Par le biais d’images magnifiques, Cameron évoque sans avoir l’air d’y toucher toute l’histoire coloniale. On pense en particulier à la conquête de l'Amérique Latine par les conquistadores, à coup de massacres et de contaminations bactériennes (Hernan Cortes au Mexique, Francisco Pizzarro au Pérou…). Non contents de les exterminer, les barbares venus d'Europe niaient aux autochtones le droit d’avoir une âme, alors que ceux-ci baignaient dans le sacré. «Avatar» est une métaphore extra-terrestre de la civilisation moderne, qui a perdu tout lien avec la notion de transcendance et toute forme de vraie spiritualité, ne pouvant compter (mais jusqu’à quand ?) que sur sa supériorité scientifique et technologique pour dominer le reste du monde.

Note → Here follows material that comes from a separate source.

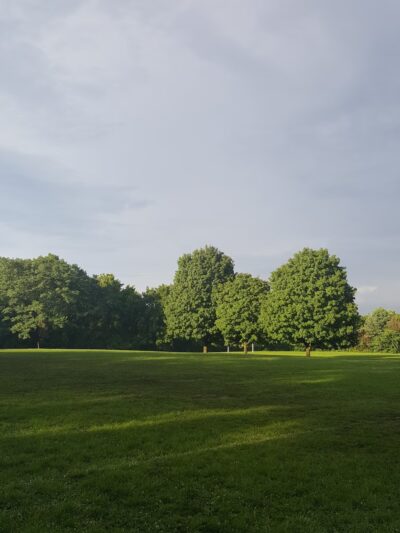 Timberlawn Local Park - North Bethesda, MD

Certains ont paraît-il reproché à Cameron d’être raciste, sous prétexte que les Na'vi (les indigènes du film) ont parfois des comportements d’animaux. Comment peut-on être aussi imbécile? Tout le film est au contraire un hymne à une population restée pure (et beaucoup plus intelligente que les humains bornés), qui vit en symbiose avec la nature dont elle reconnaît et vénère la puissance, dans le respect de la tradition e le culte à une Grande Déesse. Si "racisme" il y a, il ne concerne certes pas les habitants de Pandora, mais les hommes, ces horribles créatures qui arrivent du ciel et veulent conquérir d'autres planètes parce que la leur «est à l’agonie»… Et ce "racisme" là est pleinement justifié.

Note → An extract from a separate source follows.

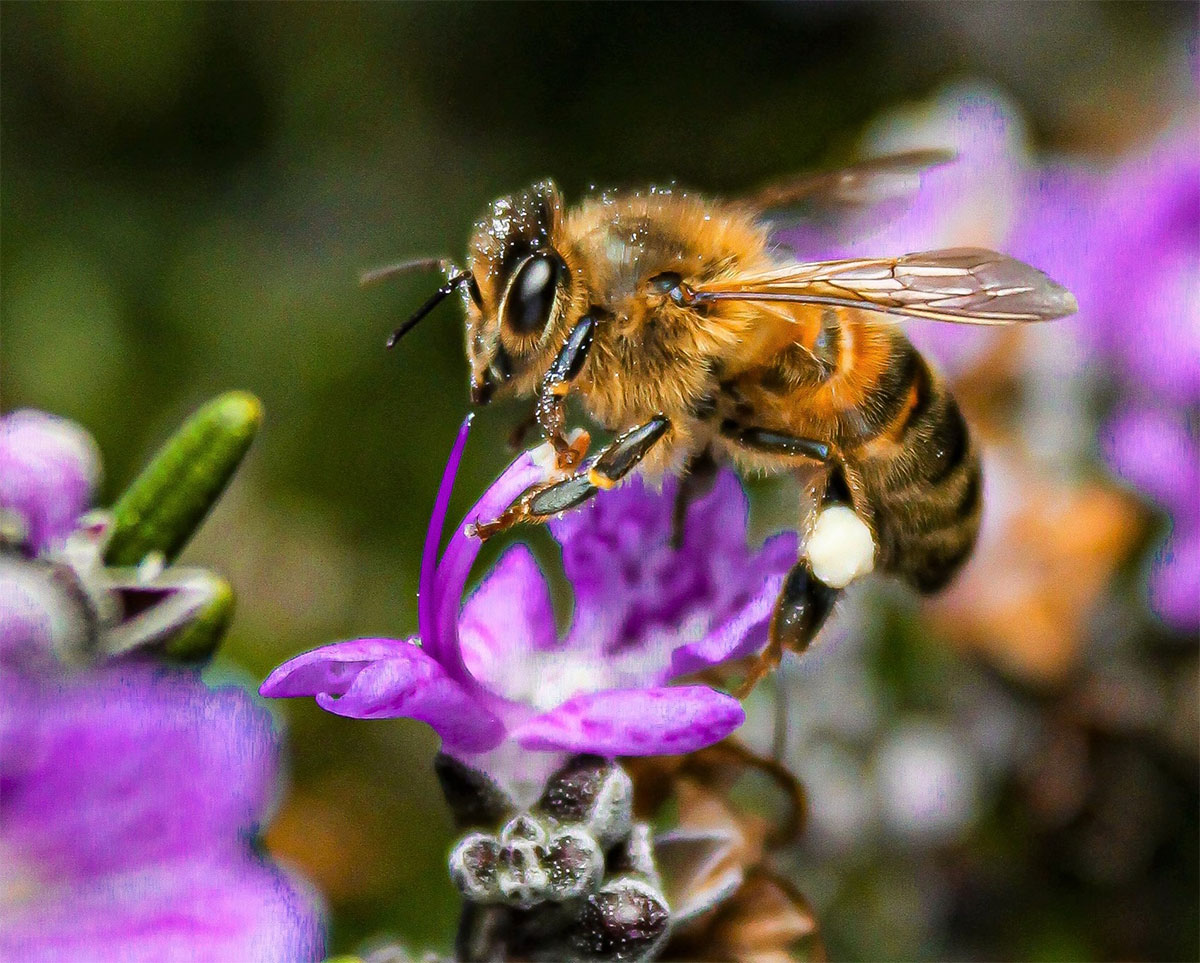 продолжительность жизни пчелы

Et la 3D, dans tout ça ? Eh bien, la 3D est une expérience fantastique. Non seulement fantastique mais extrêmement utile, car elle permet d’attirer dans les salles un public encore plus nombreux et de l’induire, grâce à la séduction de la technologie, à une réflexion sur l’état de notre civilisation et la nécessité de se réveiller. (Numéro un au box-office dans le monde pour le 6e week-end consécutif, Avatar est d'ores et déjà le plus grand succès commercial de l'histoire du cinéma).
René Guénon, prophète de la fin de cycle que nous vivons actuellement, est mort depuis longtemps, mais cela ne doit pas l'empêcher de suivre ce qui se passe ici-bas. Et si les gains fabuleux de James Cameron le laissent probablement de glace, il doit par contre se réjouir à l'idée que certaines consciences, éveillées ou en cours d’éveil, s’efforcent avec talent de réveiller les masses endormies. Ce qui semble bien être le cas du rélisateur d'"Avatar".